The rabbi, who grew up in Teaneck and formerly served as assistant rabbi of Young Israel of Fort Lee, received his ordination at Yeshiva University. He currently serves the Bais Medrash on a part-time basis, working during the week at Ramaz Upper School in New York. Nevertheless, he said, he is “attempting to meet the full range of needs of the congregation.”
The synagogue, he said, is composed primarily of young families, with parents ranging from 25 to 45. Most of the children are young, with just a few in high school.
Stavsky said he wants to “help maintain and further develop the tight sense of community that exists in the shul. My goal is that the shul should engage both the hearts and minds of each individual – man, woman, and child,” he said.
“Obviously, serious davening and thoughtful and inspiring shiurim [religious-oriented lectures] are basic to the mission of the shul. Having a comprehensive network of chesed [acts of loving-kindness] to support the needs of the community is also extremely important.”

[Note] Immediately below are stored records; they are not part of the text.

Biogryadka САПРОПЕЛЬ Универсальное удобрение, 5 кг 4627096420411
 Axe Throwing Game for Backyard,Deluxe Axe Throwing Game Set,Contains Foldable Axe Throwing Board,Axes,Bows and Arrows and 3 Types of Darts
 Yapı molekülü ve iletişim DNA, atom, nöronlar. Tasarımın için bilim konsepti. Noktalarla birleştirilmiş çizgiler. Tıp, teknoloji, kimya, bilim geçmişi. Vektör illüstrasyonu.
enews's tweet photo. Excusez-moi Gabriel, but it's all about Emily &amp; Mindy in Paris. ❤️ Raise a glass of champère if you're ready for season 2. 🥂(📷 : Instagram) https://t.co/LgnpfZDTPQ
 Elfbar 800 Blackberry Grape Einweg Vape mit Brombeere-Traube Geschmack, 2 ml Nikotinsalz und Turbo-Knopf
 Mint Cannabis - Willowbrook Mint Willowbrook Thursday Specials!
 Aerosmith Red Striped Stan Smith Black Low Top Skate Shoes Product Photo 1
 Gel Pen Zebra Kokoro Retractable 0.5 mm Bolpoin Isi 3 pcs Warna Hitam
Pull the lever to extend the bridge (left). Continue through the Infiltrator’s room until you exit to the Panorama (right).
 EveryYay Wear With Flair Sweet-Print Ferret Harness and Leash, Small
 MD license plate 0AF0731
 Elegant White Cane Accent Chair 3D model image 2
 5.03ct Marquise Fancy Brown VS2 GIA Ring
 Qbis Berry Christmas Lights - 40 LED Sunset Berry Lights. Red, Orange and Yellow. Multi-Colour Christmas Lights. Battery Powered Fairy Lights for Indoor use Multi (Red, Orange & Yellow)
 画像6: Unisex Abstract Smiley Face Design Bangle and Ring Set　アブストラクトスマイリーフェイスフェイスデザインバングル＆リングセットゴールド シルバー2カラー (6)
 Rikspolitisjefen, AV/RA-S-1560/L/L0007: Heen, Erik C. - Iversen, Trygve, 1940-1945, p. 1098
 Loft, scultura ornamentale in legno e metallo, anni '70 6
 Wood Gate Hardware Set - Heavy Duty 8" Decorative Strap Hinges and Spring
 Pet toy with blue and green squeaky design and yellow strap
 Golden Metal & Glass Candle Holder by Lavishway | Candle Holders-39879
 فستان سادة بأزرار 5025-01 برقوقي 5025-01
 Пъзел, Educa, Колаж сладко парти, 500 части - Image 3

According to the rabbi, “The shul should be a place where each member can grow religiously and in [his or her] relationship with God. Each member should be appreciated and valued for his or her own contribution to the fiber of the shul and community.”
The rabbi described the shul as “centrist, or modern Orthodox, with sincere religious families looking to continue to grow while raising families.”
His members, he said, “cherish their many responsibilities to God, as well as to the Jewish community at home and in Israel and to the broader community. They care very much about raising their children as passionately engaged Jews.”
It is one of his goals, he said, to aid in the spiritual growth of the youth through personal relationships and educational programming in the shul and at his home. He noted that the youth committee, under its new director, has just relaunched the Shabbat youth group program “with a very impressive educational program/curriculum.”
One challenge, he said, “is going to be finding time for classes and programming with everyone’s busy schedules. Another challenge will be to maintain the warm feel of the shul as it, God willing, continues to grow.”